Je länger mein Aufenthalt in dieser abscheulichen Stadt dauerte, desto stärker hatte ich das Gefühl, beobachtet zu werden. Ich bildete mir ein, Schatten zu sehen, und ich meinte, ein Summen aus der Ferne wahrzunehmen. Ich kam schließlich zu der Stelle, an die mich die Zahlen führten. Es war eine alte verlassene Baracke. Doch was sollte ich hier finden? Gab es einen Zusammenhang mit dem Vorfall vor 6 Monaten? Ich begann widerwillig, den Ort nach Hinweisen abzusuchen und fand schließlich ein Artefakt ähnlich dem ersten. Auch hier waren wieder die merkwürdigen Zahlen zu erkennen, aber auch eine weitere Botschaft.

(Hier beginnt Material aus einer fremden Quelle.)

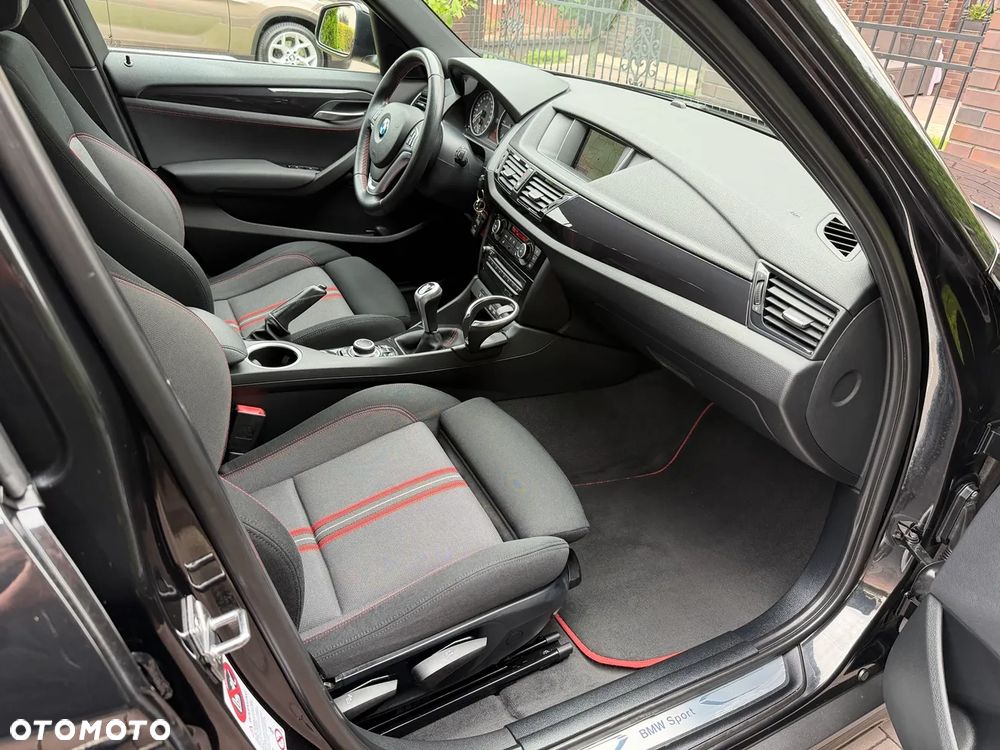 BMW X1 xDrive20d Sport Line - 23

Die Nachricht ließ mir das Blut in den Adern gefrieren. Aber nun wuchs auch die Hoffnung, wenigstens einen meiner Gefährten wiederzusehen. Hatte sie die gleiche Idee gehabt wie ich und konnte die Zahlen entschlüsseln? Mir blieb nur übrig, dieser geheimnisvollen Spur zu folgen. Doch plötzlich nahm das Gefühl beobachtet zu werden zu, und ich rannte so schnell ich konnte.
Als ich den Ort, den ich durch das Artefakt errechnet hatte, erreichte, fühlte ich sofort, daß hier etwas Fürchterliches geschehen sein mußte. Ich begann sofort nach Hinweisen zu suchen und fand ein weiteres Artefakt mit einer Botschaft.

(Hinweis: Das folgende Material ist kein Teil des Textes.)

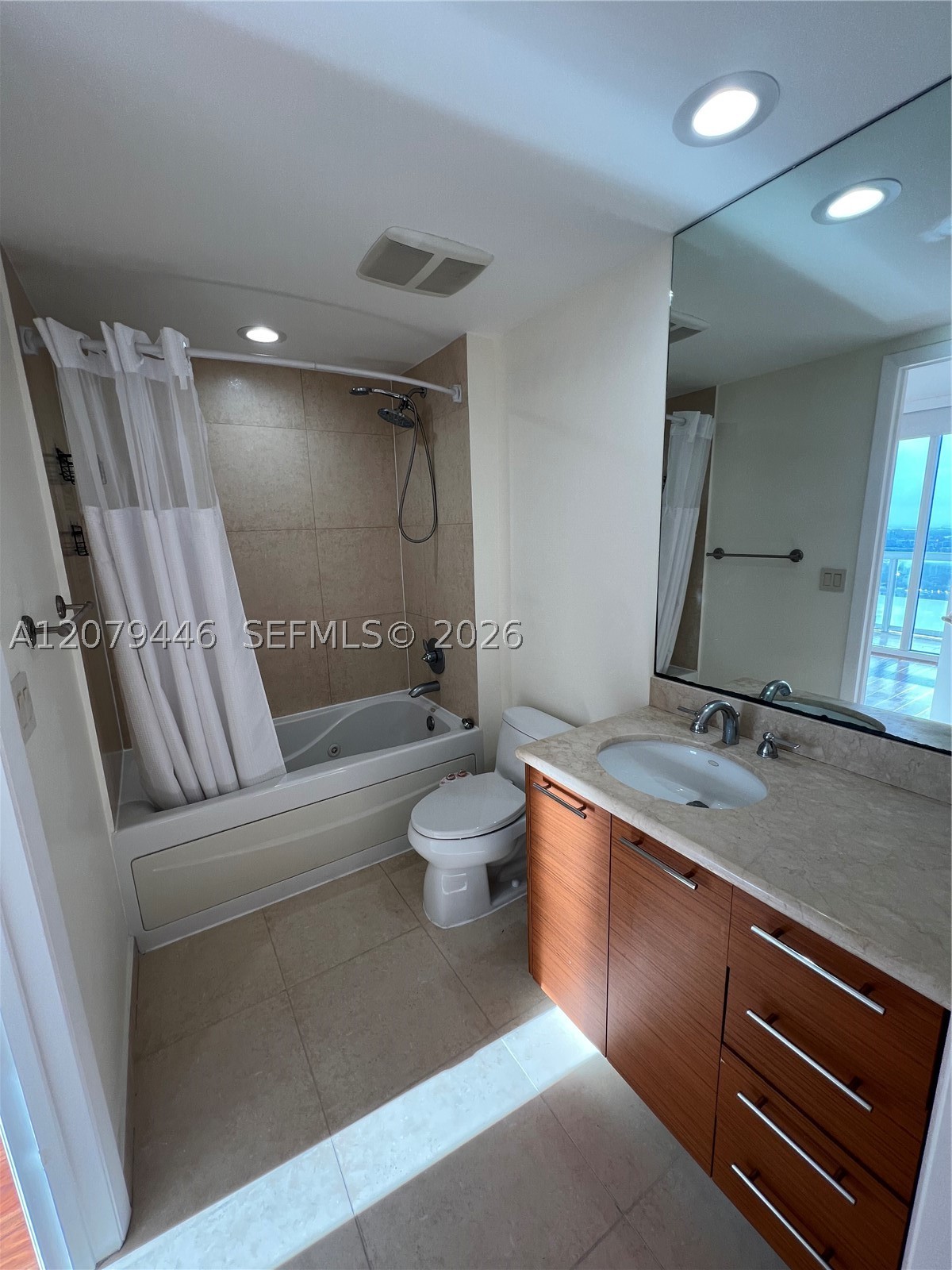 50 Biscayne Blvd 4507 Property Photo 8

Mir blieb nun nichts anderes übrig, als wieder den Zahlen zu folgen. Ich befürchtete das Schlimmste. Kurz vor dem Ziel erwartete mich ein schrecklicher Anblick. In der Ferne tat sich ein dunkler Tunnel auf, und ich spürte eine Präsenz, die mich aus den Tiefen des Tunnels zu beobachten schien. Auch das nun nicht mehr zu überhörende Summen hatte hier seinen Ursprung. Alles in mir sträubte sich dagegen, dem Tunnel näher zu kommen. Doch als ich mich herumdrehte, um mich dem Bann dieser Höllenpforte zu entziehen, sah ich einen gräßlichen dunklen Turm, der sich in der Ferne erhob. Es war der Turm, den ich aus meinen Träumen kannte. Wie in Trance ging ich in seine Richtung. Mein letzter Blick fiel auf das gesuchte Artefakt. Es war größer als die anderen, und ich konnte mich noch überwinden, es zu öffnen. Mit dem Öffnen des letzten Siegels erkannte ich plötzlich, was für ein Fehler es gewesen war, mich auf diese Reise zu begeben.